The development of an alternative more suitable MRQoL measurement tool is needed. Environment and timing of MRQoL assessment needs consideration. Community-based QoL studies predominantly show small non-significant changes with limited scope for improvement as patients already receive appropriate prescriptions, experience good overall QoL and good functional status [14]. Hospital-based PC interventions could theoretically convey substantial MRQoL improvements at a time when it matters most to the patient. Good medication adherence is associated with better QoL, therefore, future MRQoL tool design and development should prioritise patients’ medication adherence. Focussing on patients’ medication preferences and treatment goals results in improved older persons’ self-reported quality of life (EQ-VAS).
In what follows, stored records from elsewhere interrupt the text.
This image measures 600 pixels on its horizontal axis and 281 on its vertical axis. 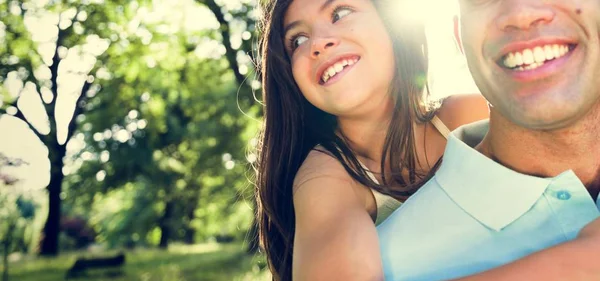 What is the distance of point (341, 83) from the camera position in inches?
122

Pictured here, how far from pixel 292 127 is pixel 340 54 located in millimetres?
589

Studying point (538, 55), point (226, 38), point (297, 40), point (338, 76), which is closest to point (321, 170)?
point (338, 76)

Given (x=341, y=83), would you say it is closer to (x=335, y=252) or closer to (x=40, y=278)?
(x=335, y=252)

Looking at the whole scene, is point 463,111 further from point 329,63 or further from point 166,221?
point 166,221

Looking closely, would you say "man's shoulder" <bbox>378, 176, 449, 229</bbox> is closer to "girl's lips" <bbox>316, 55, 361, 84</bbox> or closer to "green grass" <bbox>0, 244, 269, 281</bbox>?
"girl's lips" <bbox>316, 55, 361, 84</bbox>

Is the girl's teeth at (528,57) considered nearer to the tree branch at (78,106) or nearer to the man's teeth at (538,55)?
the man's teeth at (538,55)

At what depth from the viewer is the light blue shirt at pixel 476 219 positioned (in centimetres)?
180

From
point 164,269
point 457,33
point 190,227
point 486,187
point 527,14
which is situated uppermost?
point 527,14

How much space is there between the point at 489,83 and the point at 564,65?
0.81ft

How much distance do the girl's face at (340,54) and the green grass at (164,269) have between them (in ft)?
33.0

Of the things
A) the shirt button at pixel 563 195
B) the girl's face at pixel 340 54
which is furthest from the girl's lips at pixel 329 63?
the shirt button at pixel 563 195

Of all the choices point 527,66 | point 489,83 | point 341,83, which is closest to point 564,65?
point 527,66

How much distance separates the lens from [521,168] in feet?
6.46

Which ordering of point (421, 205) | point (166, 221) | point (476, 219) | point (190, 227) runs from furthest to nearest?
point (190, 227) → point (166, 221) → point (421, 205) → point (476, 219) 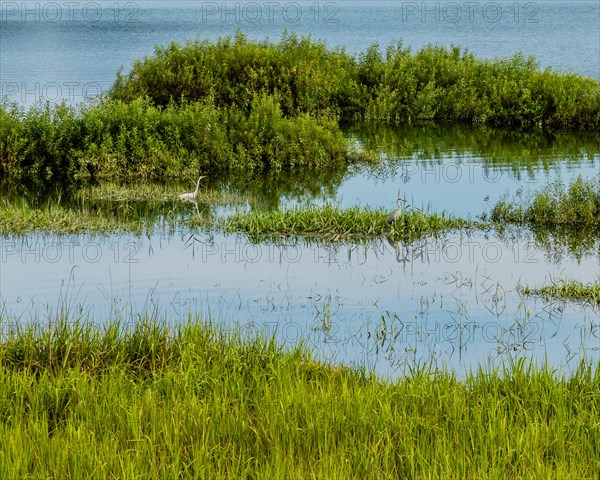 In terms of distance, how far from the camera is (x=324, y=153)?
29172mm

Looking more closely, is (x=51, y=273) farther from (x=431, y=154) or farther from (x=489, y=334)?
(x=431, y=154)

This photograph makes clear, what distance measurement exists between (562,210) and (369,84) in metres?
16.6

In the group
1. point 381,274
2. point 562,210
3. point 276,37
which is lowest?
point 276,37

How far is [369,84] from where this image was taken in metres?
38.2

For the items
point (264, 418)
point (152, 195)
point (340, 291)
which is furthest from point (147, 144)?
point (264, 418)

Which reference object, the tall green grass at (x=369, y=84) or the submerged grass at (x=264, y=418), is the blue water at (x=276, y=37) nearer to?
the tall green grass at (x=369, y=84)

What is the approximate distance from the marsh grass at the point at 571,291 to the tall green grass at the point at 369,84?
16.7 m

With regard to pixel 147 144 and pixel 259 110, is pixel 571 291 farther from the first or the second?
pixel 259 110

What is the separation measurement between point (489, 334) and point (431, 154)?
1621cm

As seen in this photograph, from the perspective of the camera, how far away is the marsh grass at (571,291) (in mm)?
17234

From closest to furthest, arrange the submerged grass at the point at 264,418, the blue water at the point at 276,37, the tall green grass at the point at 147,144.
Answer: the submerged grass at the point at 264,418 → the tall green grass at the point at 147,144 → the blue water at the point at 276,37

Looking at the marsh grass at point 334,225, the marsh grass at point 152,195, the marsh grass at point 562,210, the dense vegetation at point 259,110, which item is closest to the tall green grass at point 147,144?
the dense vegetation at point 259,110

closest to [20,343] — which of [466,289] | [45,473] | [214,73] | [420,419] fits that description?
[45,473]

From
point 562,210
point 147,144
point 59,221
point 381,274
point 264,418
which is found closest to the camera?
point 264,418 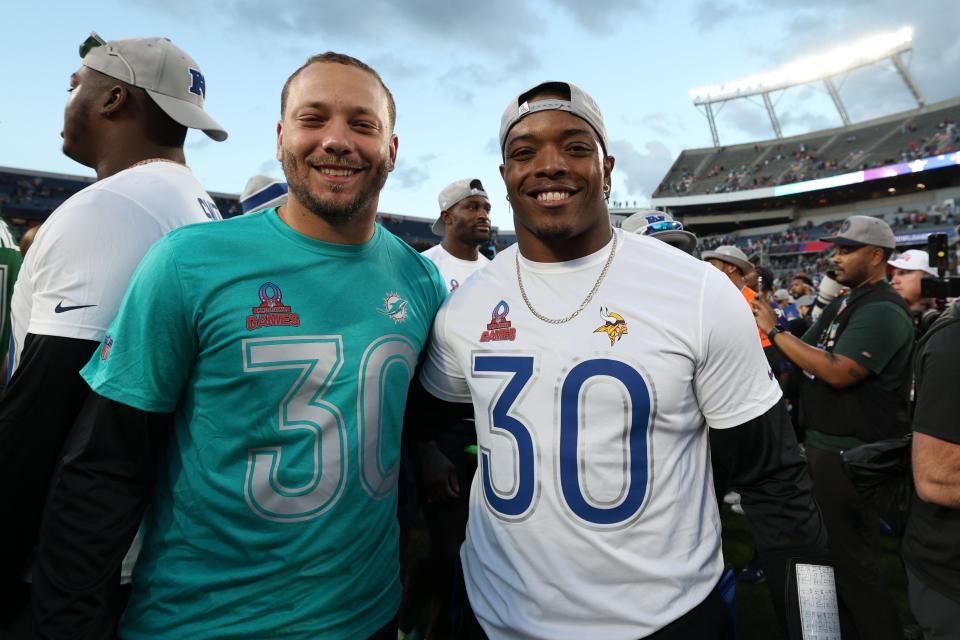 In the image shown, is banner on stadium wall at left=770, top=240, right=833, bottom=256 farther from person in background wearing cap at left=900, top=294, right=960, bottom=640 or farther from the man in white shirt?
person in background wearing cap at left=900, top=294, right=960, bottom=640

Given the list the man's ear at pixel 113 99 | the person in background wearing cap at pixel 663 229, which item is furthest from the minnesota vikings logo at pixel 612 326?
the man's ear at pixel 113 99

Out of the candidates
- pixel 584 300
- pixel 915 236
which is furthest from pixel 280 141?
pixel 915 236

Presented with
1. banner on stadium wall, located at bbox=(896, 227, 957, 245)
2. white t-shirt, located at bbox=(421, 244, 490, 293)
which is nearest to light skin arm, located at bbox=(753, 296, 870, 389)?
white t-shirt, located at bbox=(421, 244, 490, 293)

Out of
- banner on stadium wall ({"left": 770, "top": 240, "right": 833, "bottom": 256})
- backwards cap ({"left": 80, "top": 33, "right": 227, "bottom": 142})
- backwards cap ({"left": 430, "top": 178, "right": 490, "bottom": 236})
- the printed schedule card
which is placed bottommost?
the printed schedule card

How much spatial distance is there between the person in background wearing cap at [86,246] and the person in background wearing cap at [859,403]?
354cm

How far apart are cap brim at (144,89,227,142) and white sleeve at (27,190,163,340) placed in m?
0.51

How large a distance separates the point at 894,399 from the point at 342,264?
340 centimetres

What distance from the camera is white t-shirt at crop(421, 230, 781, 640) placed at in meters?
1.55

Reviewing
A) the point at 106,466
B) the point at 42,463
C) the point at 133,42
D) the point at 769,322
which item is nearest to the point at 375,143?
the point at 133,42

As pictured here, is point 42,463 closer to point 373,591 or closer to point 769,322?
point 373,591

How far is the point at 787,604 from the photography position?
1.47 meters

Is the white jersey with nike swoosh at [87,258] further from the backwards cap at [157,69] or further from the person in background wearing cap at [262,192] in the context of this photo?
the person in background wearing cap at [262,192]

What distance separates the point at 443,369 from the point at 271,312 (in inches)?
24.8

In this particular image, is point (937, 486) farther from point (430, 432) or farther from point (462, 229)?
point (462, 229) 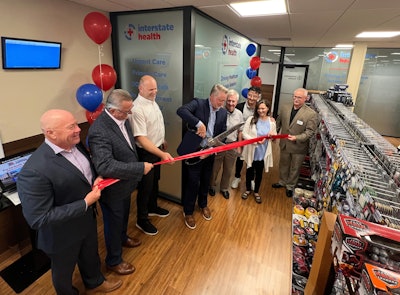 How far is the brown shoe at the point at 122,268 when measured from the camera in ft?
7.11

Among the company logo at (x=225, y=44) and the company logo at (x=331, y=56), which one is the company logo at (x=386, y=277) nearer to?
the company logo at (x=225, y=44)

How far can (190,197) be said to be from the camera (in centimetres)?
282

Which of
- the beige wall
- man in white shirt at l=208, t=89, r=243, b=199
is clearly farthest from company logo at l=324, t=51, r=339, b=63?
the beige wall

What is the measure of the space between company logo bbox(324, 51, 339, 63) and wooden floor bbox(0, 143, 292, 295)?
19.9 feet

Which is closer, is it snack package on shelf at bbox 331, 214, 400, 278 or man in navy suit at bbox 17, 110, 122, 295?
snack package on shelf at bbox 331, 214, 400, 278

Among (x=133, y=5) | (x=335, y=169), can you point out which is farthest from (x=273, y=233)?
(x=133, y=5)

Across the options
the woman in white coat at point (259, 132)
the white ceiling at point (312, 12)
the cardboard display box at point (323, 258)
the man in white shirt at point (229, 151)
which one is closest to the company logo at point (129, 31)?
the white ceiling at point (312, 12)

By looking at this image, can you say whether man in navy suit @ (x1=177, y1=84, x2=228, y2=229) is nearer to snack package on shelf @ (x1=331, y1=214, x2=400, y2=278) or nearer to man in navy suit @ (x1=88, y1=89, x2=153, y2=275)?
man in navy suit @ (x1=88, y1=89, x2=153, y2=275)

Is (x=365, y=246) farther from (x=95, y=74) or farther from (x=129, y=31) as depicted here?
(x=129, y=31)

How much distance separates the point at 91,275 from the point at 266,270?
5.13 ft

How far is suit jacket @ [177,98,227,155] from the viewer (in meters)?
2.54

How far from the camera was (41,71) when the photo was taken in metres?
2.35

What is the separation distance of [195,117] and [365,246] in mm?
1886

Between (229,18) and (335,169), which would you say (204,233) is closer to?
(335,169) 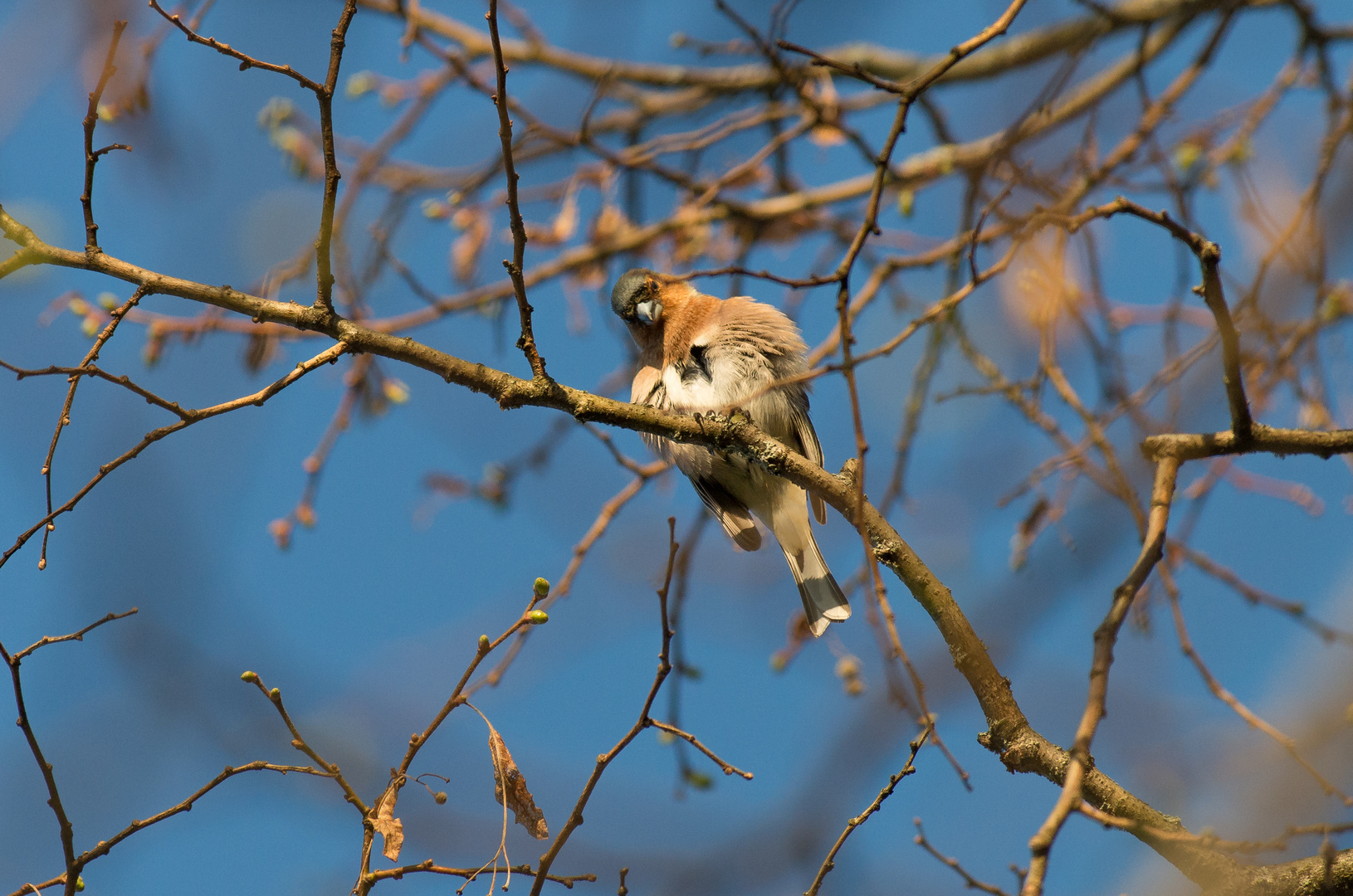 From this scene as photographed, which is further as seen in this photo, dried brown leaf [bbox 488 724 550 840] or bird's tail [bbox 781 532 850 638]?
bird's tail [bbox 781 532 850 638]

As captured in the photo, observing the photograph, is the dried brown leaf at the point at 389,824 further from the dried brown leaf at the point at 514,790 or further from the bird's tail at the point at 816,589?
the bird's tail at the point at 816,589

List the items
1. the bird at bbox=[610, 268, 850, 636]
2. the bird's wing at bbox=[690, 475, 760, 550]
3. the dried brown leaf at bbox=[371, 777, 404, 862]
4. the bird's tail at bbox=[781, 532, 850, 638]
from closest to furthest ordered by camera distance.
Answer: the dried brown leaf at bbox=[371, 777, 404, 862]
the bird's tail at bbox=[781, 532, 850, 638]
the bird at bbox=[610, 268, 850, 636]
the bird's wing at bbox=[690, 475, 760, 550]

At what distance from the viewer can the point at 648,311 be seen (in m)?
5.18

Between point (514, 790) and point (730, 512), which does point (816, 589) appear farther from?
point (514, 790)

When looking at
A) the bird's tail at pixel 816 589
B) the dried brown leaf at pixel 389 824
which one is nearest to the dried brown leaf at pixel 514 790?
the dried brown leaf at pixel 389 824

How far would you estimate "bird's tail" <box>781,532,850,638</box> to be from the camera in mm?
4578

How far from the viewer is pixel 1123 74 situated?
17.7ft

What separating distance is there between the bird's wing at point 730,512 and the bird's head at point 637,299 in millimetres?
850

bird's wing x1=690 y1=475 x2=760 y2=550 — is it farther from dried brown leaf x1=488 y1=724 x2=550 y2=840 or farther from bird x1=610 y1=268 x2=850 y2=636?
dried brown leaf x1=488 y1=724 x2=550 y2=840

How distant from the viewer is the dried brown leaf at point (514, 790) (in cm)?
249

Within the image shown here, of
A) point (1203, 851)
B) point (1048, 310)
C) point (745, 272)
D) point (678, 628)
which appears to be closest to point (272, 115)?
point (678, 628)

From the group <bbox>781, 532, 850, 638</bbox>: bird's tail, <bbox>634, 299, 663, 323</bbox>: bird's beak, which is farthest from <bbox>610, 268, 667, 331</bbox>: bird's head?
<bbox>781, 532, 850, 638</bbox>: bird's tail

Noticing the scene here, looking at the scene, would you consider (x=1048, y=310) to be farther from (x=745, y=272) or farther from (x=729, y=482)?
(x=729, y=482)

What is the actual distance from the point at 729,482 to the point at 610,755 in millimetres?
2919
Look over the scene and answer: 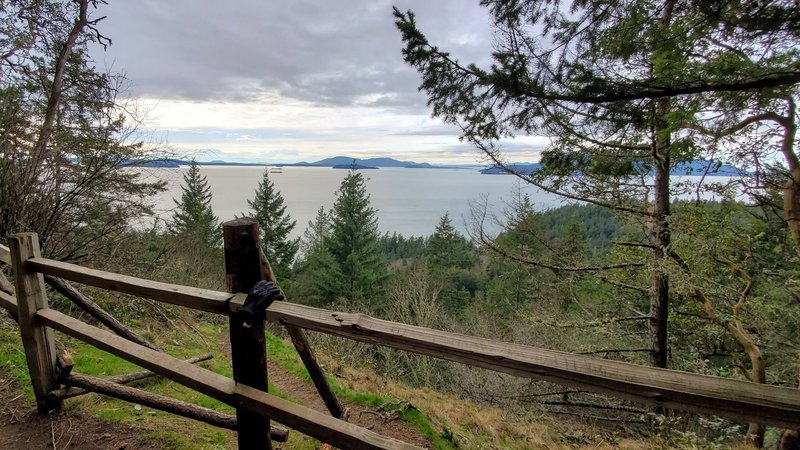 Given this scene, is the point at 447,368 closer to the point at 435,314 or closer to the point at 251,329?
the point at 435,314

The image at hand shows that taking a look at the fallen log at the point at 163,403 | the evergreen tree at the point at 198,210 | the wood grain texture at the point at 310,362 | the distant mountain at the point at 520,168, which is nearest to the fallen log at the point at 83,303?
the fallen log at the point at 163,403

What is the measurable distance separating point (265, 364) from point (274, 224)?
24976mm

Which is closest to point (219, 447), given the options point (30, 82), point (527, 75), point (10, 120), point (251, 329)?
point (251, 329)

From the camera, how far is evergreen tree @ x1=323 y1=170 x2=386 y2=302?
23375 mm

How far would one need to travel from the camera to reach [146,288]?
6.72 ft

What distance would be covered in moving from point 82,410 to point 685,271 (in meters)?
6.82

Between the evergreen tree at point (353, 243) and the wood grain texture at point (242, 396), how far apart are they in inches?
824

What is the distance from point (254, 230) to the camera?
1800 millimetres

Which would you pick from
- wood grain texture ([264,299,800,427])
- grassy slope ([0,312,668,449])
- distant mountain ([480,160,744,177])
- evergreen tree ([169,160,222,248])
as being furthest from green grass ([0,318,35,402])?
evergreen tree ([169,160,222,248])

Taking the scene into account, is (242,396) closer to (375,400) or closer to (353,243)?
(375,400)

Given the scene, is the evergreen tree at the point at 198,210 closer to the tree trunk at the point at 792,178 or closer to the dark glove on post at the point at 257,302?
the dark glove on post at the point at 257,302

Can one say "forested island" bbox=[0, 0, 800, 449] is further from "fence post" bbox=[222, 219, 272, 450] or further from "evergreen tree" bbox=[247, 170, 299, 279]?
"evergreen tree" bbox=[247, 170, 299, 279]

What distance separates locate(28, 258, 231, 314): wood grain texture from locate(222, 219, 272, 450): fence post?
4.0 inches

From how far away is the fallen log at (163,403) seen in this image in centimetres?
250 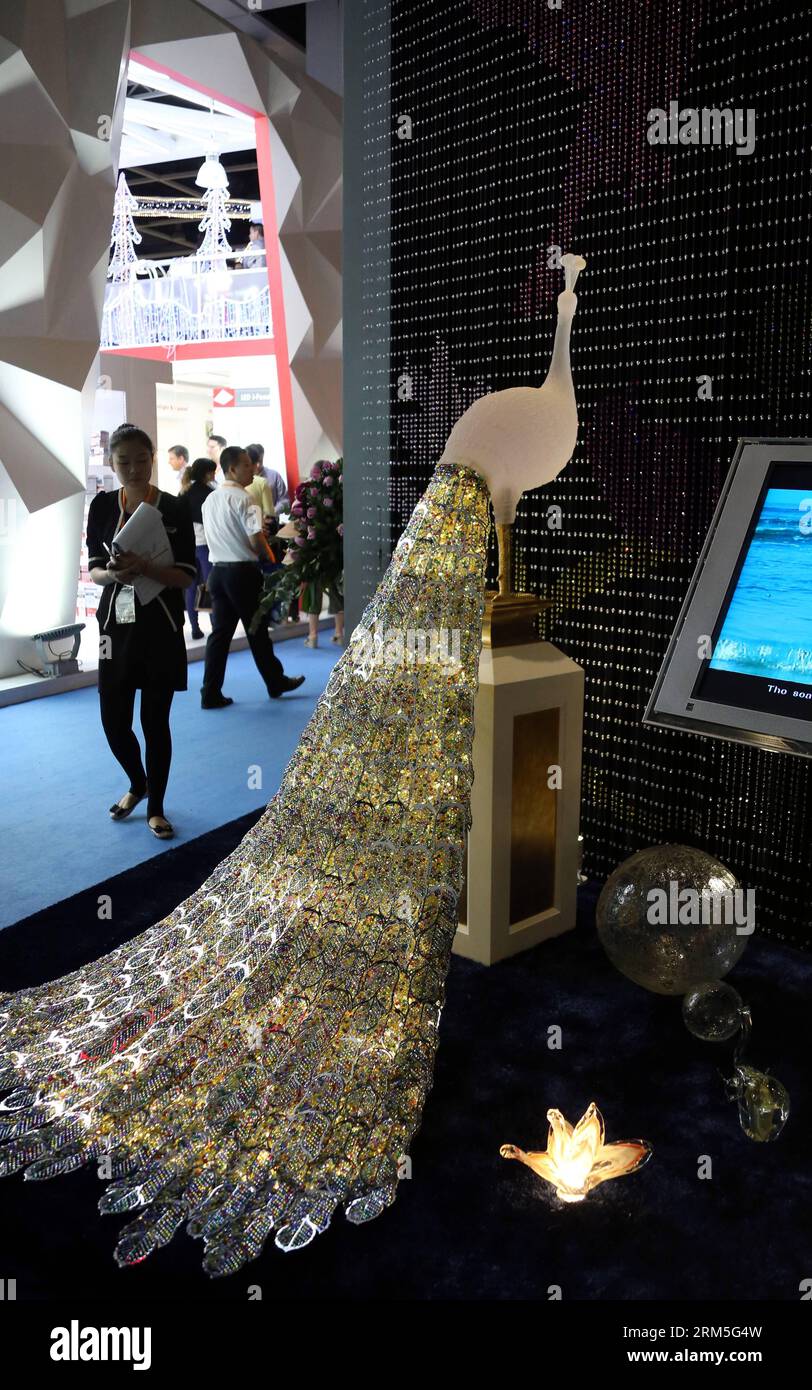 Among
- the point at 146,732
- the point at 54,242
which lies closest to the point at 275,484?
the point at 54,242

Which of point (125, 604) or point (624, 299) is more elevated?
point (624, 299)

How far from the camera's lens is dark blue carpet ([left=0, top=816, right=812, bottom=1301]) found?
1.70 metres

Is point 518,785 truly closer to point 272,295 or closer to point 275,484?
point 275,484

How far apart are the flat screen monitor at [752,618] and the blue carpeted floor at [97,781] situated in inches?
82.0

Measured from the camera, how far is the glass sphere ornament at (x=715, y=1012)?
7.64 ft

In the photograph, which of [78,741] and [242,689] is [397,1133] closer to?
[78,741]

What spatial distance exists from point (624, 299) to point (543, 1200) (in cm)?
→ 253

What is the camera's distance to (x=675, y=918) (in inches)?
96.2

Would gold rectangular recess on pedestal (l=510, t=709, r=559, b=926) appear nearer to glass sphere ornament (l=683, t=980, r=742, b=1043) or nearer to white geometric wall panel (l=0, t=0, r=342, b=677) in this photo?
glass sphere ornament (l=683, t=980, r=742, b=1043)

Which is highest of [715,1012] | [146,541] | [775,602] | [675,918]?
[146,541]

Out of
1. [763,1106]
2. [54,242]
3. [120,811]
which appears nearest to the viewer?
[763,1106]

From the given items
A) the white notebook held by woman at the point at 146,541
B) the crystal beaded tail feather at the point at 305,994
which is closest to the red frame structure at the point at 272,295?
the white notebook held by woman at the point at 146,541

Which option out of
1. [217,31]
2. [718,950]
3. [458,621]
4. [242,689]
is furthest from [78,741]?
[217,31]

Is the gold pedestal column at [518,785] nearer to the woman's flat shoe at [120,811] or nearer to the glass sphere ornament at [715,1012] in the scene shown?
the glass sphere ornament at [715,1012] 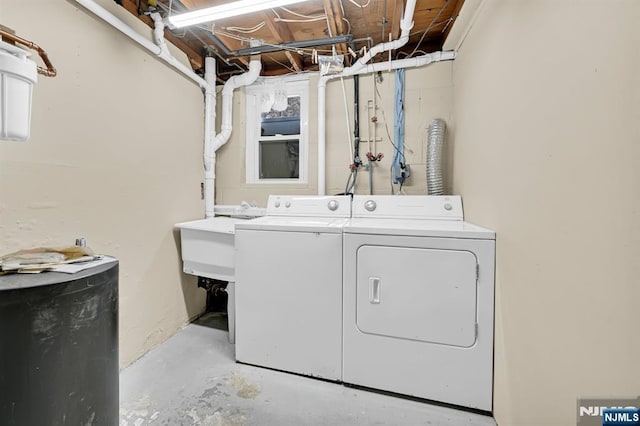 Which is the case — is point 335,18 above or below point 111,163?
above

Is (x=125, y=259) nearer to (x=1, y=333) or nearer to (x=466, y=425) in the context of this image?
(x=1, y=333)

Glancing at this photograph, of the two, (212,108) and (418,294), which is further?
(212,108)

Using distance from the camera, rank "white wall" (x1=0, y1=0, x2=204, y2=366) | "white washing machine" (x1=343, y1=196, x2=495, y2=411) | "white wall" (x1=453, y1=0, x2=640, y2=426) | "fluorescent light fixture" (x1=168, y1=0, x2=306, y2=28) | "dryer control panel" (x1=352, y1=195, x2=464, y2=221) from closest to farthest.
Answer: "white wall" (x1=453, y1=0, x2=640, y2=426), "white wall" (x1=0, y1=0, x2=204, y2=366), "white washing machine" (x1=343, y1=196, x2=495, y2=411), "fluorescent light fixture" (x1=168, y1=0, x2=306, y2=28), "dryer control panel" (x1=352, y1=195, x2=464, y2=221)

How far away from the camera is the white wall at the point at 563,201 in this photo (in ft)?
2.06

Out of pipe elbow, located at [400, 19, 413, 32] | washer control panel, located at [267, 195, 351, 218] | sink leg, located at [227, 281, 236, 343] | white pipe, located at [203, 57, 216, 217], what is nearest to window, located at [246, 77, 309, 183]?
white pipe, located at [203, 57, 216, 217]

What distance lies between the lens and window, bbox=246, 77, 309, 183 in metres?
2.57

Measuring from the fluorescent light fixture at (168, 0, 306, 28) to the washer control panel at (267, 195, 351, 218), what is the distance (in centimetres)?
126

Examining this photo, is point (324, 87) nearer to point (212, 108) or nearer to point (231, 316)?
point (212, 108)

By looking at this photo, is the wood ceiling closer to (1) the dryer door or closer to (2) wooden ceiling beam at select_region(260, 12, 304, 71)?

Whilst subjective, more generalised QoL measurement (EQ-5D) remained unchanged, highlighting the complexity of measuring changes in wellbeing of older persons arising from particular interventions [15].

There are some limitations to our study, including; (1) its small scale which limits robust study conclusions, (2) single-centre design, (3) the lack of a direct comparator QoL tool which prevented assessment of accuracy and validity of MRQoL-LS.v.1 in the ambulatory outpatient clinical setting, and (4) variable quality of the non-standardised single observer subjective assessment of participant comments relating to MRQoL.

Geriatricians generally agree that the polypharmacy usually experienced by multi-morbid older people can have a profound effect of their QoL. Until more reliable tools for measuring QoL effects of medication in multimorbid older people are devised, MRQoL-LS.v.1 should be avoided.